Like the other GRAM NEGATIVE BACTERIA members of the pasteurella they are small, oval, Gram-negative that exhibit bipolar staining when treated with methylene blue. They are capsulated and non- motile; they grow under aerobic and anaerobic conditions on blood agar but do not grow on MacConkey medium.
Pasteurella multocida is extremely virulent to many species of birds and animals causing haemorrhagic septicaemia which is usually fatal. However, the organisms may be carried by apparently normal cattle, sheep, swine, dogs, cats and rats. Apart from cases resulting from animal bites reports of human pasteurella infections are comparatively rare. The organisms may sometimes be present as commensals in the respiratory tract and nasal sinuses of persons associated with animals. Clinical manifestations in man usually take one of three forms:-
(1)- A local abscess following an animal bite with cellulitis, adenitis, abscess formation and sometimes osteomyelitis.

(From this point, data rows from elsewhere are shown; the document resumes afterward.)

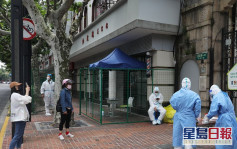 上海美容院違防疫要求致15人確診 被責令停業負責人被處分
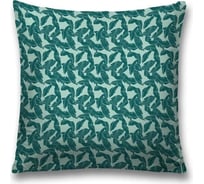 Декоративная наволочка JoyArty sl_61504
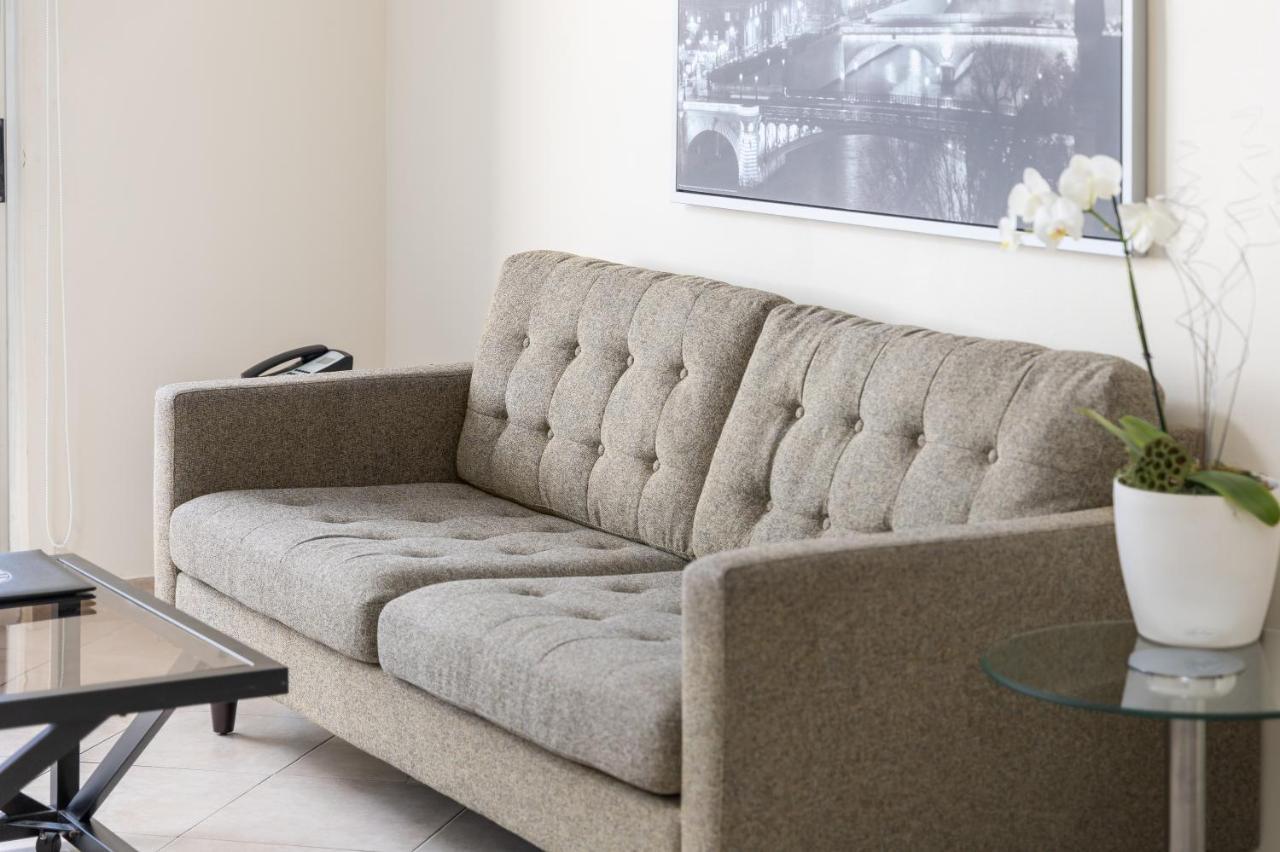 Fortune House Hotel Suites Miami Zewnętrze zdjęcie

(2) -Meningitis following head injury
(3)- Infections of the respiratory system such as pleurisy, pneumonia, empyema, bronchitis, bronchiectasis and nasal sinusitis in which, although not always the direct cause,pasteurella multocida probably contributes to the course, severity and duration of the illness. Cases of appendicitis from which pasteurella multocida was isolated in pure culture from the pus have also been reported. It appears that the organism becomes pathogenic to man only after trauma resulting from animal bites, operation, cranial fracture, and the like.
Identification is confirmed by isolating the organism on blood agar from swabs of dog or cat bite wounds, from cerebrospinal fluid in cases of meningitis and from the infective secretions in suppurative conditions of the respiratory system, followed by certain cultural and biochemical tests. Agglutinating antibodies against the infecting organism may be detected in the patient's serum.
Pasteurella multocida is moderately sensitive in vitro to penicillin, sensitive to sulphonamides, tetracycline and to streptomycin. Therapy may have to be continued for up to 8 weeks in cases of osteomyelitis following animal bites.
Epidemiology Infection following animal bites is a direct one, the organism passing directly to man in the animals' saliva. In those cases described under (2) and (3) above, the organisms, although no doubt derived from animals in the first place, may have existed as commensal in the upper respiratory passages until conditions were favorable to their spread and establishment at the site of infection.